Plaintiffs base their Motion for Summary Judgment on claims that their procedural due process rights were violated when they were not afforded notice and a hearing with respect to an Election Board’s determination that they were not qualified voters for the 1988 general election. Plaintiffs seek: 1) a declaration that portions of Arizona Revised Statute § 16-552 and certain rules promulgated pursuant to that section violate the fourteenth amendment of the Constitution; 2) a permanent injunction requiring defendants to notify plaintiffs of challenges to their voter qualification; and 3) attorneys’ fees and costs. Defendants oppose this Motion, and in turn, filed their own Motions for Summary Judgment arguing plaintiffs have no standing to bring this suit because they were not legally entitled to vote in the subject election. The court will resolve the question of standing before considering the issue of due process.

STANDING TO SUE

The concept of standing relates to the nature and sufficiency of a litigant’s concern with the subject matter of the action. In Warth v. Seldin, 422 U.S. 490, 95 S.Ct. 2197, 45 L.Ed.2d 343 (1975), the Court stated the issue of standing relates to “whether the constitutional or statutory provision on which the claim rests properly can be understood as granting persons in the plaintiff’s position a right to judicial relief.” Worth, 422 U.S. at 501, 95 S.Ct. at 2206. Standing also measures the plaintiff’s claim against certain constitutional and prudential limitations with regard to access to federal courts. National Wildlife Federation v. Buford, 871 F.2d 849 (9th Cir.1989).

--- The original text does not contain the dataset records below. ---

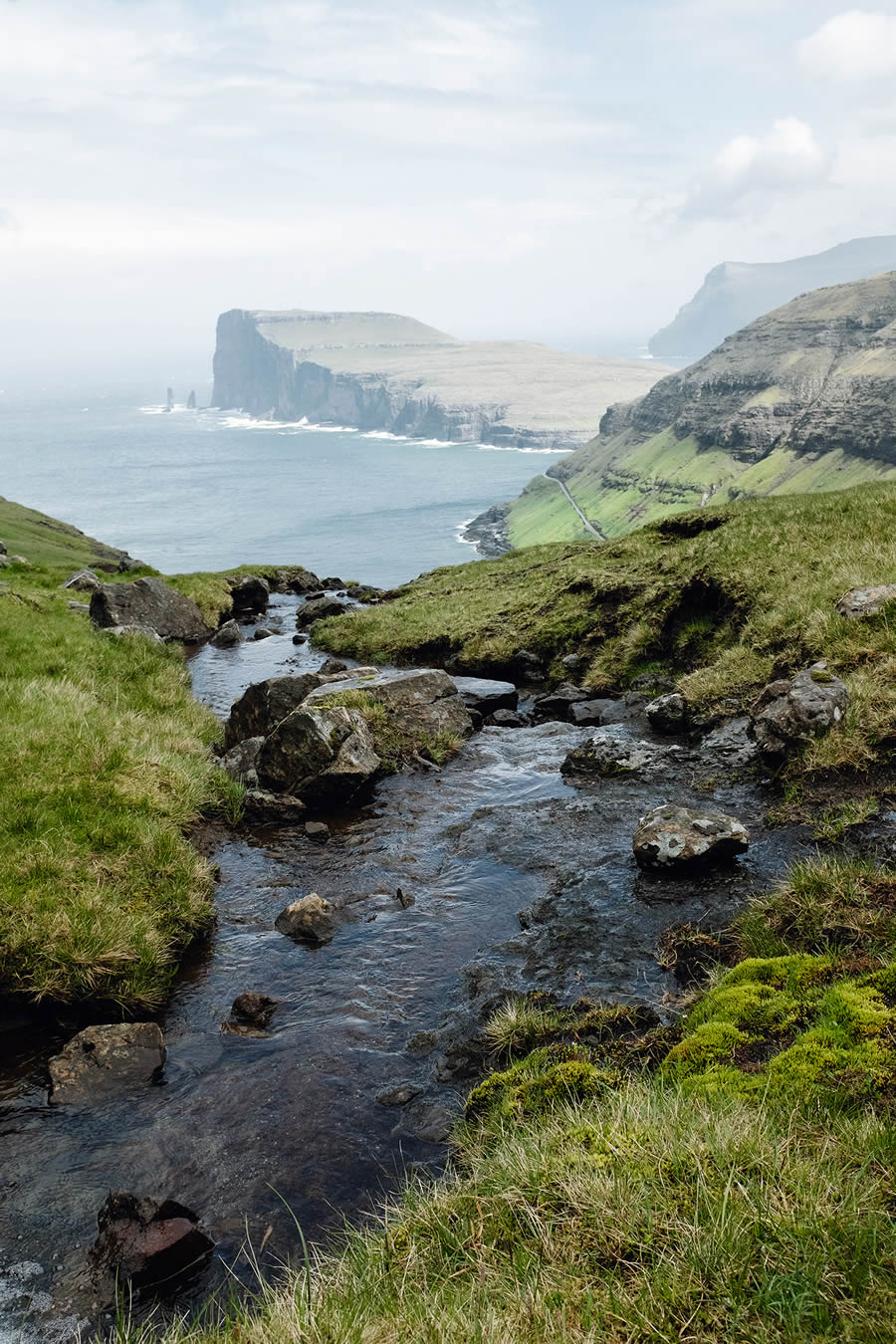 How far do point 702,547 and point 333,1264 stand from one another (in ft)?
88.1

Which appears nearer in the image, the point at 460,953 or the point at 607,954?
the point at 607,954

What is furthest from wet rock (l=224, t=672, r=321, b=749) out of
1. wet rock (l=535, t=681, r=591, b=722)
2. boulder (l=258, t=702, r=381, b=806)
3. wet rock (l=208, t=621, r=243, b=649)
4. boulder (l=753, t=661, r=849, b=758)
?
wet rock (l=208, t=621, r=243, b=649)

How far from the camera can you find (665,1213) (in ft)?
16.3

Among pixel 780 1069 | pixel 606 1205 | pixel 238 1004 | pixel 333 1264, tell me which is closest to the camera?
pixel 606 1205

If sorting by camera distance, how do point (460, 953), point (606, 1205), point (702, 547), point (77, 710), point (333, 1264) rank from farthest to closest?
point (702, 547) < point (77, 710) < point (460, 953) < point (333, 1264) < point (606, 1205)

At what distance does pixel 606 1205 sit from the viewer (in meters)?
5.15

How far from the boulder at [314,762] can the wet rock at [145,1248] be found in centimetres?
1095

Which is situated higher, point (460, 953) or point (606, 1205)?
point (606, 1205)

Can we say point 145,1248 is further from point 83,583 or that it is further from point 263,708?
point 83,583

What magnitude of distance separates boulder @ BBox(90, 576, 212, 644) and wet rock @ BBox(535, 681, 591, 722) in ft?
65.1

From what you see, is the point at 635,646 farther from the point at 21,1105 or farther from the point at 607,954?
the point at 21,1105

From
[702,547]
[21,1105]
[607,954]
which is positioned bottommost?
[21,1105]

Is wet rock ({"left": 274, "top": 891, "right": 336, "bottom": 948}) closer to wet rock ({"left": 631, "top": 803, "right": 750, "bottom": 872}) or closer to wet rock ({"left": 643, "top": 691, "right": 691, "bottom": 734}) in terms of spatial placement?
wet rock ({"left": 631, "top": 803, "right": 750, "bottom": 872})

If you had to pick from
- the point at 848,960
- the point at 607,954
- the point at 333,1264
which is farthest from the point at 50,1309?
the point at 848,960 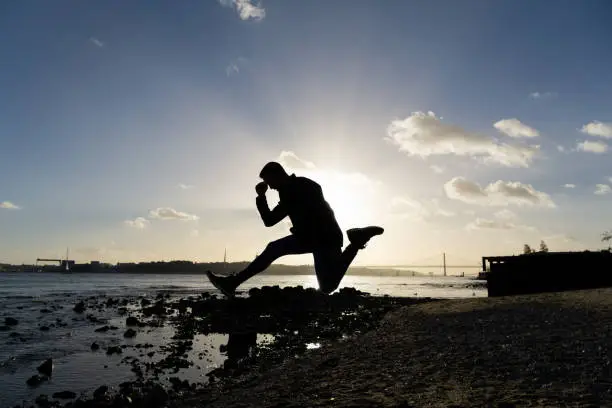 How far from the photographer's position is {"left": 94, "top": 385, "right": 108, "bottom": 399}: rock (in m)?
8.82

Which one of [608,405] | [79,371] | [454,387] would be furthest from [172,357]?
[608,405]

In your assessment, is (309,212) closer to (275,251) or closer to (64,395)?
(275,251)

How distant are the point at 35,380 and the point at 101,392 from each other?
8.64 feet

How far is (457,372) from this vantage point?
7.14m

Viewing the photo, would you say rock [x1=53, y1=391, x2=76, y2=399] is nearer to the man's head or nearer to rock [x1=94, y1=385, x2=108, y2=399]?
rock [x1=94, y1=385, x2=108, y2=399]

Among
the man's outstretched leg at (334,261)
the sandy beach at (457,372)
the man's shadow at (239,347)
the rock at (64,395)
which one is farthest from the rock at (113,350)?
the man's outstretched leg at (334,261)

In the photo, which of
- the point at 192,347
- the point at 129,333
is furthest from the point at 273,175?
the point at 129,333

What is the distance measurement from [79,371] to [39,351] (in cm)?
435

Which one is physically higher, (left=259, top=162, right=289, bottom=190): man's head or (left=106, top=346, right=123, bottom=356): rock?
(left=259, top=162, right=289, bottom=190): man's head

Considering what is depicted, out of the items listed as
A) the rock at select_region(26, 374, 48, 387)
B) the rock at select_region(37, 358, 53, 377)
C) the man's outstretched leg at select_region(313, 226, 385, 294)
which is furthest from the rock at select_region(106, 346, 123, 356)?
the man's outstretched leg at select_region(313, 226, 385, 294)

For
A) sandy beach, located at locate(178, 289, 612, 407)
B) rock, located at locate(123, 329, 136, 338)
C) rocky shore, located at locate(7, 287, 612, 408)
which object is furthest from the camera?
rock, located at locate(123, 329, 136, 338)

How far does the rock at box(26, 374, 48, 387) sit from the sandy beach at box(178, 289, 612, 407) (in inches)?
195

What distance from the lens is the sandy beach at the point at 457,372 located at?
5781 mm

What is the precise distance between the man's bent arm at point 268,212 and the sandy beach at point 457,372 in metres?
2.70
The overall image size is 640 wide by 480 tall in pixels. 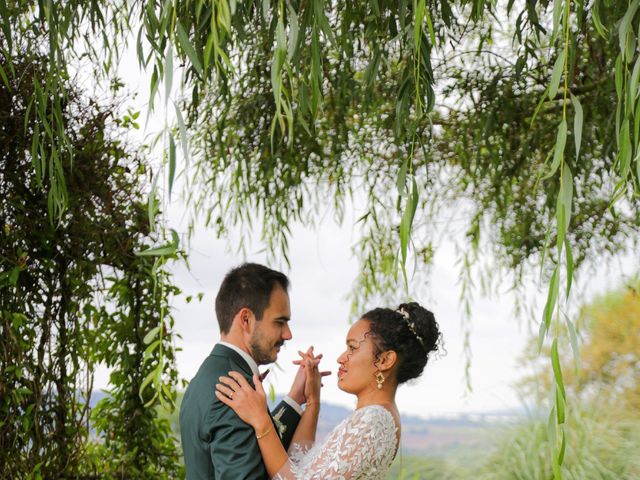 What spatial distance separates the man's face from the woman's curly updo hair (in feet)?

There are three elements or requirements of standing. The plaintiff must show: 1) an actual or threatened injury; 2) which is fairly traceable to the defendant's alleged, illegal activity; and 3) which is likely to be redressed by the requested relief. Valley Forge Christian College v. Americans for Separation of Church and State, 454 U.S. 464, 473, 102 S.Ct. 752, 758, 70 L.Ed.2d 700 (1982); Alaska Fish & Wildlife Fed. v. Dunkle, 829 F.2d 933, 937, (9th Cir.1987) cert. denied, 485 U.S. 988, 108 S.Ct. 1290, 99 L.Ed.2d 501 (1988).

In this instance, plaintiffs are alleging a denial of basic tenets of procedural *1356 due process. This claim arises not from a denial of their right to vote, but from the apparent lack of notice and a hearing prior to their absentee votes being disqualified. Plaintiffs allege defendants are responsible for the denial of these rights and seek relief which would prevent a similar occurrence during a future election.

The court concludes plaintiffs suffered an actual, legally cognizable injury, in that they were not afforded notice or the opportunity to contest the loss of their vote. Should the court conclude the Arizona statute which controls the manner in which absentee ballots are challenged unconstitutional, plaintiffs’ injury is redressable. Therefore, plaintiffs have satisfied the three prong test for standing.

Defendants argue, in support of their Motions for Summary Judgment, that plaintiffs have not established they are residents of Coconino County for voting purposes. As such, defendants contend plaintiffs lack standing to bring a challenge to the Arizona statute. Defendants, however, are engaging in a “tail chase.” Defendants would have the court conclude plaintiffs lack standing to challenge the alleged denial of due process because plaintiffs cannot prove they are residents. In other words, defendants argue that because plaintiffs are not residents entitled to vote, they are not afforded an opportunity to contest such a determination by the Election Board.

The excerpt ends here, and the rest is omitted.